British taxpayers have handed over more than £6m to charities which are, or which have been, used by extremists to further their radical agenda.
This is among the findings of a report from neo-conservative think-tank the Henry Jackson Society. The report is called Wolves in sheep’s clothing: how Islamist extremists exploit the UK charitable sector.
The report’s case studies indicated an approximate £6m has been handed over to individuals, some of whose involvement in extremism can be traced back to the Islamist scene in the early 2000s.
The UK’s Charity Commission has been particularly ill-equipped to deal with these organisations, the Henry Jackson Society claims. The Henry Jackson Society is a UK organisation set up by conservative Americans in honour of a former senator called Henry Jackson.
According to this report, the Charity Commission must ‘urgently exercise the powers given to it under the Charities Act 2016 to direct the winding up of charities and the removal of inappropriate trustees’. The government should consider increasing the resources available to the Commission, so that they can effectively implement their new powers.
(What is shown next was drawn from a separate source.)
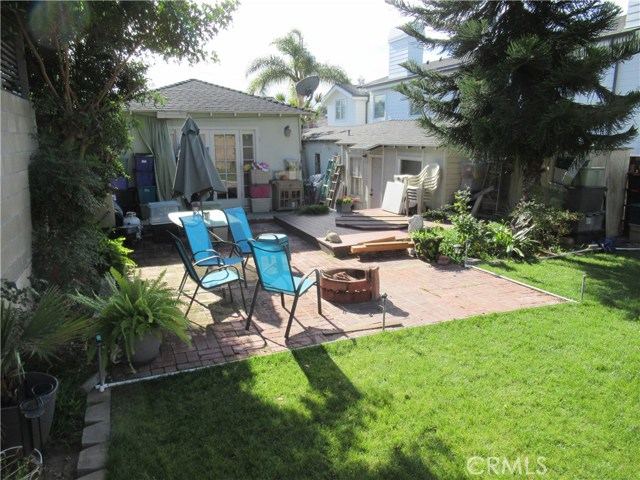 621 25th Street, Manhattan Beach, California 90266, 3 Bedrooms Bedrooms, ,2 BathroomsBathrooms,Residential,Sold,25th,SB19048331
The Society also recommended that crowd-funding and event platforms such as Eventbrite, JustGiving and Virgin Giving should do more to prevent extremist charities from raising money and advertising events through their websites.
Emma Webb, author of the report and research fellow at the Centre for the Response to Radicalisation and Terrorism at the Henry Jackson Society, said: ‘It is outrageous that millions of pounds of taxpayers’ money is unwittingly being handed over to extremists whose only goal is to damage our society. The £6 million figure is a minimum, with the evidence suggesting that this is only the tip of the iceberg.
‘Charitable status is not a right, it is a privilege. The public correctly expect that charities should work for society, not against it’.